The reason why logistic regression uses odds or log(odds) instead of probability is that odds are more interpretable in this context. When the probability of an event happening is close to 0 or 1, the odds are close to 0 or infinity. However, log-odds are always bounded between negative infinity and positive infinity, and it is easier to compare and interpret them. Additionally, odds are more stable, as they are not affected by the sample size, and probability changes with sample size.

Why do we use odds or log(odds) instead of probability? In reality, this is a common question and the following equations tell us the story:

![image.png](attachment:6edb7462-2e71-430d-b477-31b100f7b2e5.png)
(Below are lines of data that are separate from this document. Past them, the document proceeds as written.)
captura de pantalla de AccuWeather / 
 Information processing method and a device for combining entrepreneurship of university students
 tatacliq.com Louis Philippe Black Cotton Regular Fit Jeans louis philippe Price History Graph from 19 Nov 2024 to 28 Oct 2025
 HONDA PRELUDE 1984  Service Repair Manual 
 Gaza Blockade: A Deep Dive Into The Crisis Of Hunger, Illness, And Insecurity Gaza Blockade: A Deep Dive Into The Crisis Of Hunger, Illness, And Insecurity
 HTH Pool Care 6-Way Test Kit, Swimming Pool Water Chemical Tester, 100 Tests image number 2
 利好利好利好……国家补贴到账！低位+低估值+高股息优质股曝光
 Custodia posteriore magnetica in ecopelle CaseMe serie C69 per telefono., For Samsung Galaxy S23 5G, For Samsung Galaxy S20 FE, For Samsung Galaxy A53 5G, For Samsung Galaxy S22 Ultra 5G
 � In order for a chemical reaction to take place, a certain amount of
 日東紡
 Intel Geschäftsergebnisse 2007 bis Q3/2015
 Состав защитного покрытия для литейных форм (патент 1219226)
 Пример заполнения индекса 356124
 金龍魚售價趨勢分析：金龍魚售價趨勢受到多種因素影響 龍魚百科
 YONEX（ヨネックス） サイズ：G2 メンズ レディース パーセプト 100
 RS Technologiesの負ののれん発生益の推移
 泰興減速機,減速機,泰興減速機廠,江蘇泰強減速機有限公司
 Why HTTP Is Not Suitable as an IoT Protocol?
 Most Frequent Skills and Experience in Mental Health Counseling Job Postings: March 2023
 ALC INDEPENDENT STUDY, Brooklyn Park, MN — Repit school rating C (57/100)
Converting probability to log (odds), we expanded the spectrum from [0, 1] to  [- ∞, +∞ ]. If we fit the model to probability we are faced with a limited range problem and if we apply log transform we can cover the corresponding nonlinearity and still fit into a linear combination of variables.

**important** In logistic regression, we transform the y-axis from probability (0 to 1), to the loggs odd.
However, this transformation oushes the raw data to positive and negative infinity. This makes the residuals also equal to positive and negative infinity. So we can't use the least squares to find the best fittiing line. That's why we use maximum likelihood. 

![image.png](attachment:a3933fec-589b-4342-acfa-a7dcc9ccaf5d.png)



# Evaluating Performance-Classification Error Metrics

In a binary classification model, our prediction can only get two results: **correct or incorrect**. We use **classification error metrics to measure and evaluate the performance of our predictions**.

The major classification metrics are:

- Accuracy: The proportion of correct predictions (both true positives and true negatives) among the total number of cases examined.
- Recall: Also known as sensitivity. It is the fraction of relevant instances that were retrieved.
- Precision: Also called positive predictive value. It is the fraction of relevant instances among the retrieved instances
- F1-Score: The F1 score is the harmonic mean of the precision and recall.

**Confusion Matrix:**

The classification metrics mentioned above (accuracy, precision, etc.) are generated from the confusion matrix. A confusion matrix is a frequently used table to describe the performance of a classification model on a series of test data where real values are known. 


**Receiver operating characteristic (ROC)curve:**

This is a graphical plot that illustrates the performance of a binary classifier as its discriminant threshold is varied. The curve is created by plotting the **true positive rate (TPR) against the false positive rate (FPR) at various threshold values**.  


PS: Why is accuracy not a good measure for classification problems?

Accuracy is not a good measure for classification problems because it gives equal importance to both false positives and false negatives. However, this may not be the case in most business problems. For example, in case of cancer prediction, declaring cancer as benign is more serious than wrongly informing the patient that he is suffering from cancer. Accuracy gives equal importance to both cases and cannot differentiate between them.